#### MATERIAL SHOWN ####
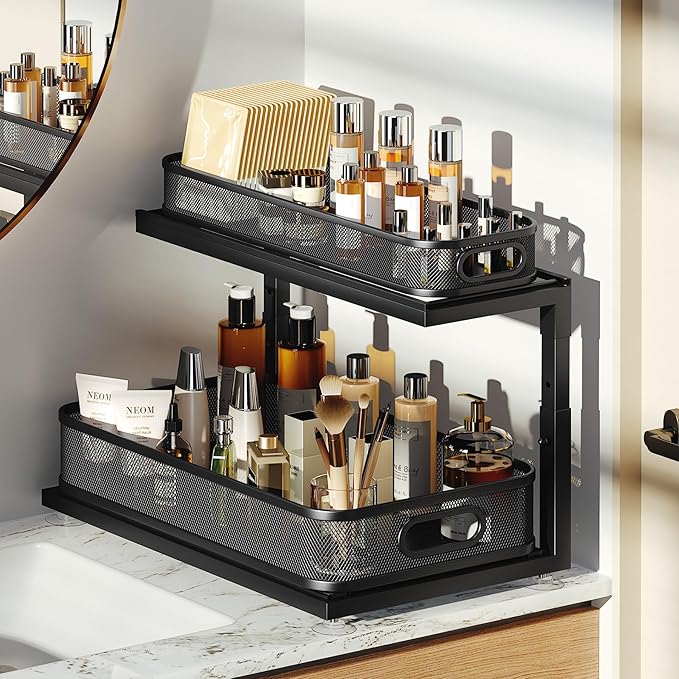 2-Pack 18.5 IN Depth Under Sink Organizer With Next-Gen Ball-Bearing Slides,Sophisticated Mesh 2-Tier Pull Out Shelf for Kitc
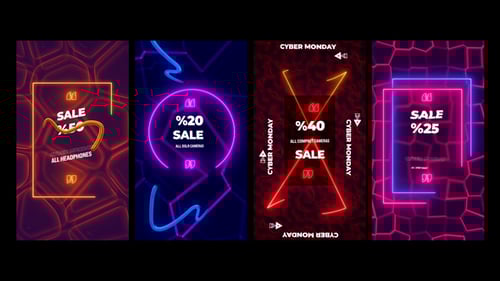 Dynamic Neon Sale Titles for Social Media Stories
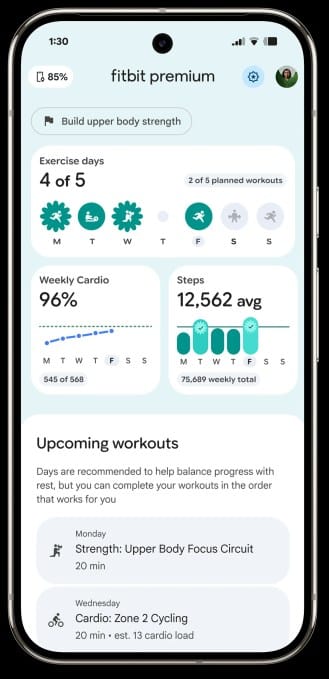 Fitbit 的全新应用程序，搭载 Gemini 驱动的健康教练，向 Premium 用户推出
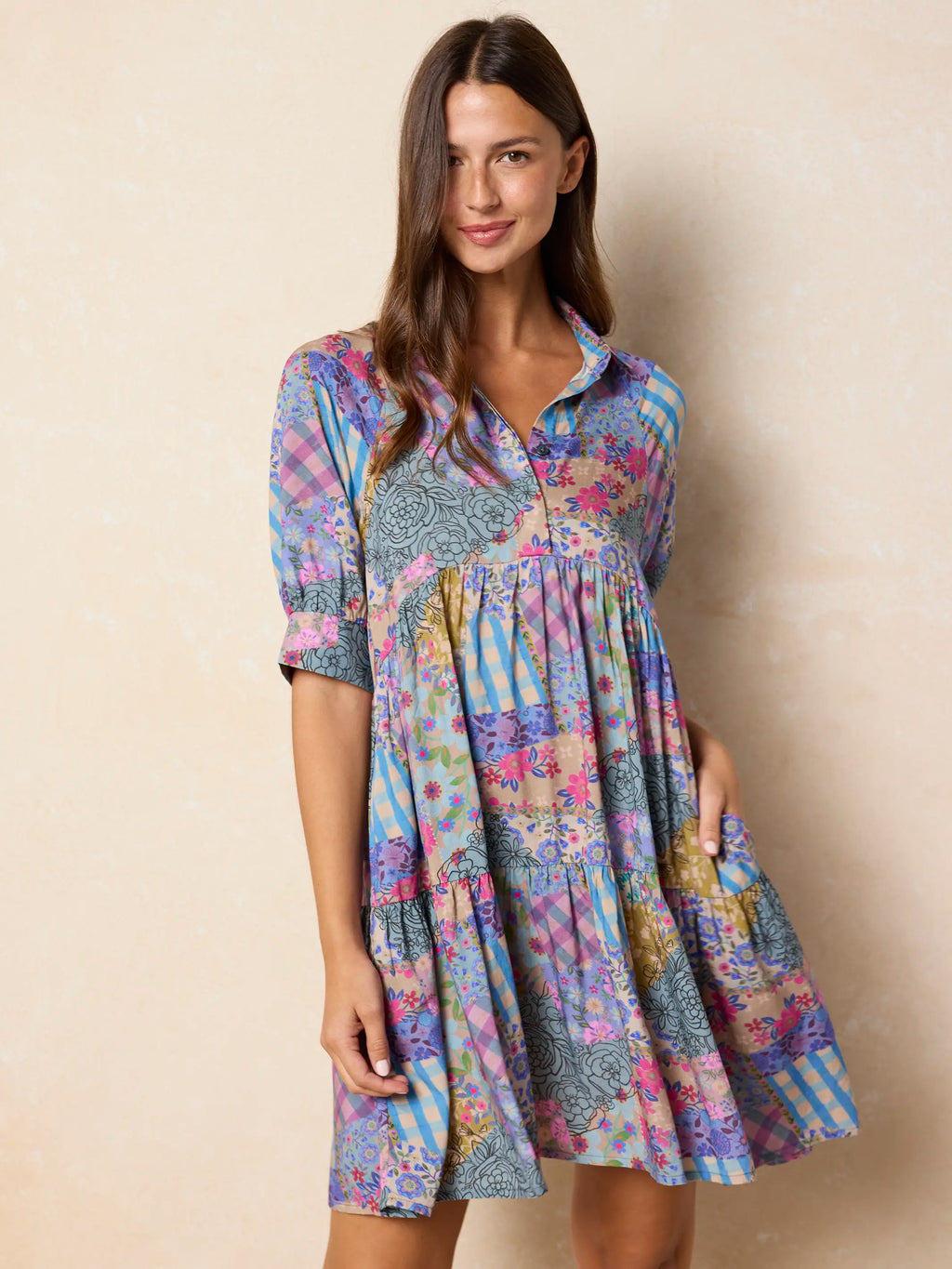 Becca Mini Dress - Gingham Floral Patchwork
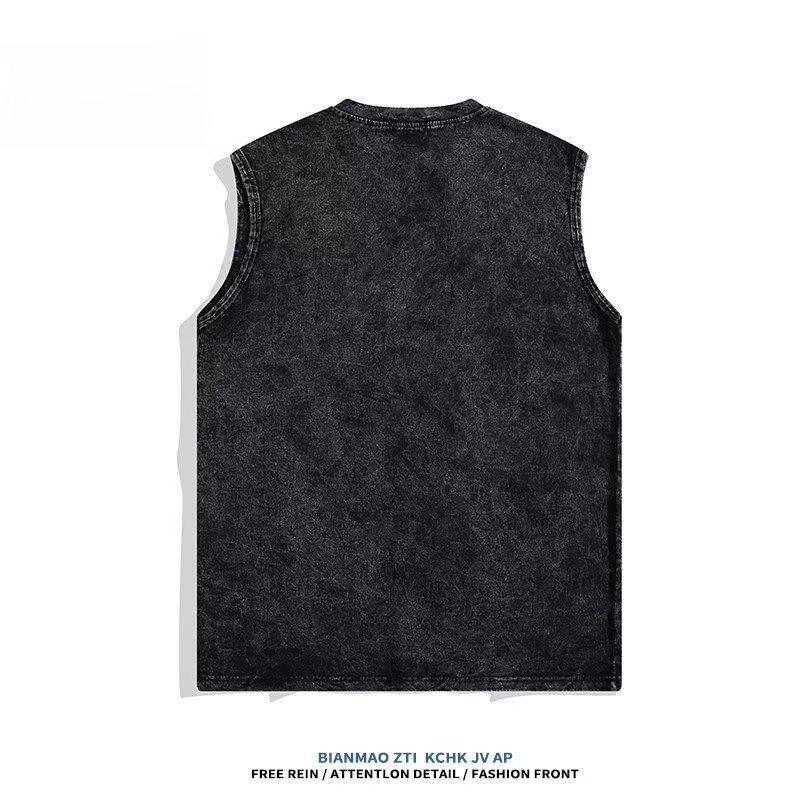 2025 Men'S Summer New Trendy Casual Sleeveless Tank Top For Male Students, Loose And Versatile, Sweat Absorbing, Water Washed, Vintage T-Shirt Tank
####
Copy exactly, please, every line from the one holding "Dynamic Neon Sale" through the last line of the data, both ends included, and no pictures.

### [RESPONSE AREA]
 Dynamic Neon Sale Titles for Social Media Stories
 Fitbit 的全新应用程序，搭载 Gemini 驱动的健康教练，向 Premium 用户推出
 Becca Mini Dress - Gingham Floral Patchwork
 2025 Men'S Summer New Trendy Casual Sleeveless Tank Top For Male Students, Loose And Versatile, Sweat Absorbing, Water Washed, Vintage T-Shirt Tank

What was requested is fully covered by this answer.